Очень редко в письмах и дневниках проскальзывают намеки на эту сторону его бытия: Вяземский тщательно оберегал ее от посторонних глаз. "Во мне я занимает более места, нежели в ком-нибудь, - замечал он. - Мой внутренний мир так чувствителен, чуток, похотлив, раздражителен, что внешний мир со всем могуществом своих впечатлений не всегда может пересилить его". И в другом месте: "Много из жизни моей пошло и на внутренние, созерцательные и мечтательные думы. Много прожил я жизнью одинокою, жизнью про себя".
В записных книжках Вяземского сохранилась очень яркая автохарактеристика, сделанная уже в зрелые годы: "NN может казаться гордым, но он не горд, а скорее не всегда и не со всех сторон общедоступен.

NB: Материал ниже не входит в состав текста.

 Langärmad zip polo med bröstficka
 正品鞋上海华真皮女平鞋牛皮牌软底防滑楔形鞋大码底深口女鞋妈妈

У него на лбу не написано: очень рад познакомиться с вами, подобно вывеске на гостинице… Он не бегает навстречу к каждому с распростертыми объятиями. Объятия его не гибки; они редко настежь растворяются… Если покажется ему, что кто-нибудь заискивает его и обращается к нему приветливым лицом, он готов на двадцать шагов предупредить его, но если кто как будто сторонится и ожидает от него заявления и задатка, он на пятьдесят шагов отступает. И тогда дело кончено: никакому сближению во веки веков не бывать. Он в людях вообще держится поодаль, не в наступательном, а в оборонительном положении. Тут есть, быть может, доля гордости, но есть и доля смирения. Он не ставит себя выше других, но в нем развилось ревнивое чувство охранения своего достоинства… Это достоинство для него сокровище… Между тем, по какому-то разноречию в натуре 1 его, он в одно время и необщедоступен, и общежителен…

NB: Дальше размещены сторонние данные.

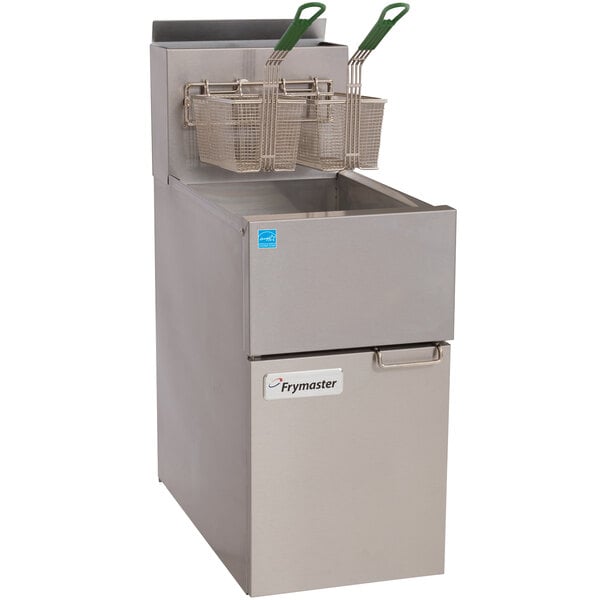 A Frymaster liquid propane floor fryer with stainless steel pot and two baskets.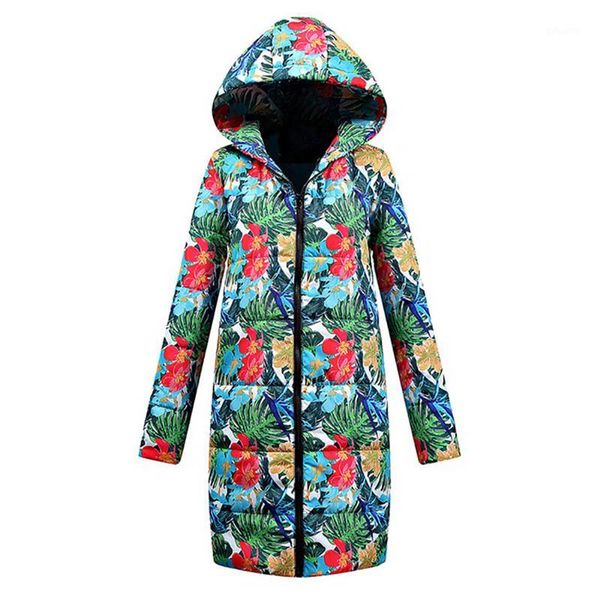 

autumn winter oversize women parkas female print hooded zipper long sleeve outerwear jacket femme plus size cotton coat1, Black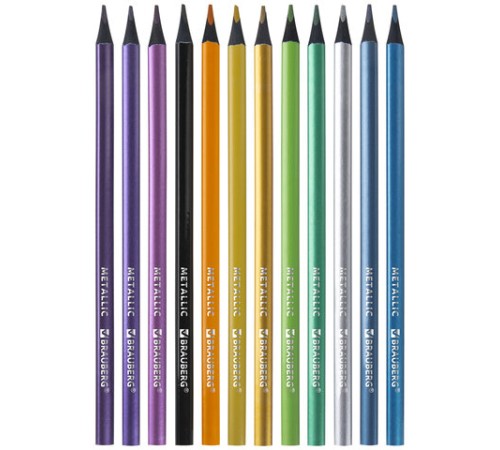Карандаши цветные BRAUBERG METALLIC, 12 цветов металлик, трехгранные, грифель 3 мм, черное дерево, 181853 Карандаши цветные BRAUBERG METALLIC, 12 цветов металлик, трехгранные, грифель 3 мм, черное дерево, 181853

NN - такая личность, которую почти все знают… Он человек улицы, толпы, всякого сборища. Но ни он толпою не поглощается, ни толпа не отражается в нем. Кто-то из приятелей его сказал, что он одна из плошек, которые зажигаются на улицах по праздничным дням. Но вообще ничего нет праздничного в нем. Он существо самое будничное.

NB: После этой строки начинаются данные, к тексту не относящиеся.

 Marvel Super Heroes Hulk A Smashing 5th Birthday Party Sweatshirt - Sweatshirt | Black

Когда он и в среде своей, между равными, он все смотрит каким-то посторонним: и они как будто не признают его своим, и он как будто не признает их своими… В этом и сила, и слабость его. Но он на эту слабость не жалуется: скорее он ею утешается и ею дорожит. Вот здесь, может статься, и гнездится червяк гордости… Еще одна черта: несмотря на свое особничество, NN бывал в приятельских связях своих мало разборчив. Бывали приятелями ему нередко люди очень посредственные, дюжинные, даже, в некоторых отношениях, не безупречные, пожалуй, частью, и предосудительные. В этом отношении натура его была снослива. Одно натура его не могла вынести: соприкосновение с натурами низкопробными, низкопоклонными, низкодушными".